Nós dissemos que, como um fundo de doações que concede mais de 40% de seus subsídios para combater alterações climáticas, é moralmente inconsistente permanecermos investindo na indústria do combustível fóssil. Além disso, há uma forte causa econômica para sair do mercado de petróleo, carvão e óleo de alcatrão, e transferir os investimentos para energias limpas e novas tecnologias.
Em 1870, John D. Rockefeller fundou a Standard Oil, transformando-se no homem mais rico de seu tempo. Será que ele se reviraria no túmulo, ao saber das novidades?
John D. Rockefeller era um empreendedor e inovador brilhante. Ele tirou vantagem do que viu no futuro. Ele percebeu que o petróleo, essa nova substância que acabara de ser descoberta, tinha potencial para transformar o mundo – e gerar muito dinheiro. E fez as duas coisas.
O que Rockefeller faria hoje?
A Standard Oil foi a primeira companhia realmente global. John D. Rockefeller era um pensador e agente global. Hoje, ele estaria olhando para a Terra e vendo os enormes riscos da mudança climática, com conseqüências econômicas devastadoras, e grandes oportunidades no setor verde. Ele estaria olhando para a energia limpa e diria: “É para lá que o mundo está indo. É para lá que o mundo precisa ir. Eu quero chegar lá antes, para obter retornos significativos.”
Que tipo de organização é o fundo de investimentos Rockefeller Brothers Fund?

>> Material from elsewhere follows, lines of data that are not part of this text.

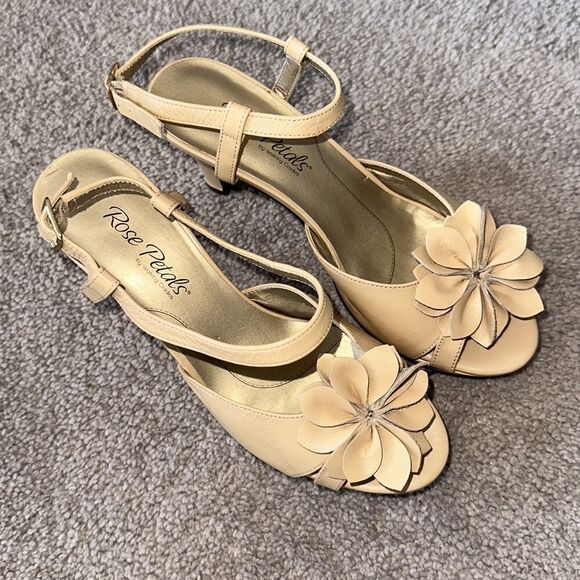 Rose Petals by Walking Cradles Flower Heels! - Picture 7 of 12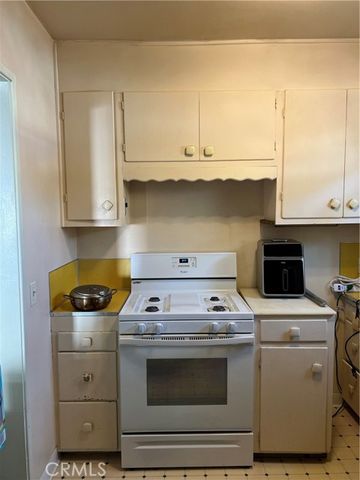 110 Alabama Street, Huntington Beach, CA 92648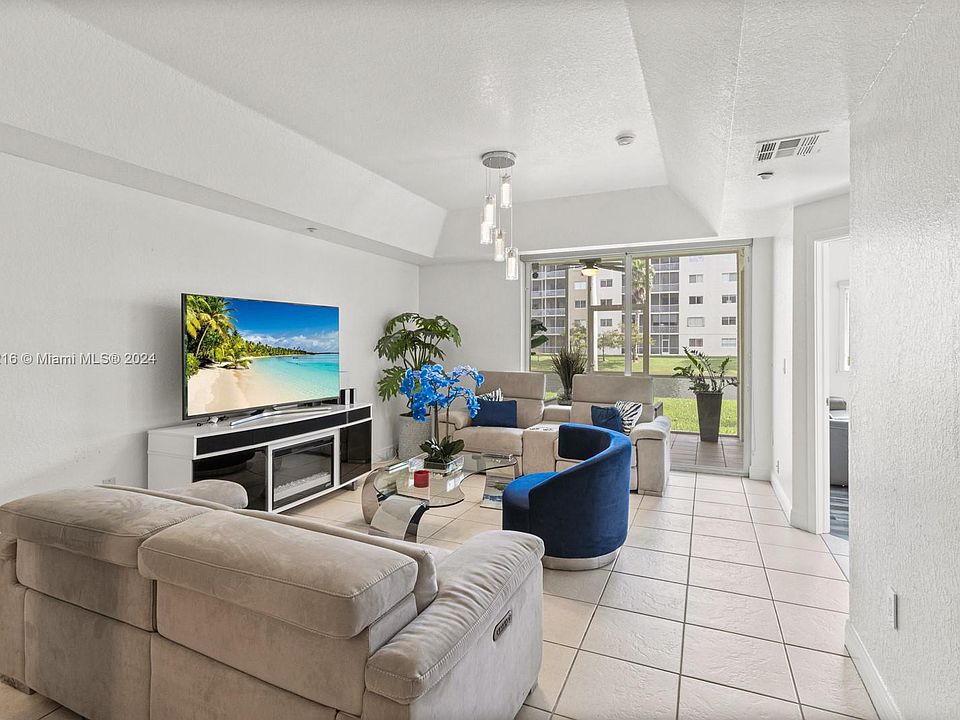 1st image of 10700 NW 66th St APT 114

Nós somos uma fundação de concessão de subsídios com uma dotação de cerca de 860 milhões de dólares. Combater as alterações climáticas é a nossa prioridade número um. Cerca de 40% de nossos subsídios anuais são atualmente dedicados a salvar o clima. Por isso, nos sentimos cada vez mais desconfortáveis em financiar indústrias que estão causando o aquecimento global.
Quão próximo está o fim da era do petróleo?

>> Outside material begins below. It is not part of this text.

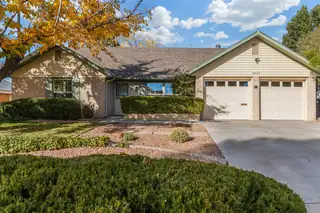 10529 Sierra Bonita Avenue NE, Albuquerque 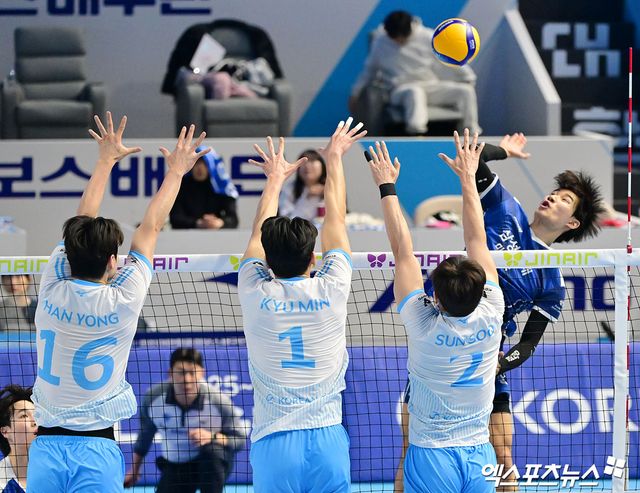 1일 오후 인천 계양체육관에서 열린 '진에어 2025-2026 V-리그' 대한항공과 삼성화재의 경기, 삼성화재 이윤수가 공격을 시도하고 있다. 인천, 김한준 기자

Restam provavelmente de 20 a 30 anos.
Ainda é possível prevenir os cenários mais terríveis?
Estamos diante de dois momentos de guinada concorrentes na história global. Um deles é o clima: um ponto sem retorno. Se passarmos dele, não há mais recuperação, e nós sofreremos consequências devastadoras.
O outro é a reviravolta da economia verde. E a questão é qual ponto vamos atingir em primeiro lugar. É uma corrida contra o tempo. Temos de fazer tudo o que for possível para atingir o ponto da energia limpa em primeiro lugar.
O que acontece se falharmos?
Vamos enfrentar enormes transtornos climáticos, derretimento do gelo nos polos, secas e tempestades mais extremas e frequentes. Haverá uma perda massiva de espécies, e teremos que enfrentar enormes desafios para fornecer comida e água a bilhões de pessoas. Cidades ficarão debaixo d’água, ilhas inteiras desaparecerão. Haverá centenas de milhões de refugiados do clima.
Esse sofrimento e a luta por comida e água têm o potencial de causar novas guerras e conflitos. Nós poderíamos passar de uma era de guerras do petróleo para um período de guerras climáticas. Se não prevenirmos as alterações climáticas, a crise de refugiados que vemos hoje vai parecer pequena, comparada à crise que vai acontecer no final do século.
O que fazer?
Temos de acelerar e fazer investimentos maciços em energias limpas. Enquanto sociedade global, temos que proteger o planeta que temos. Este único planeta, do qual toda a vida depende.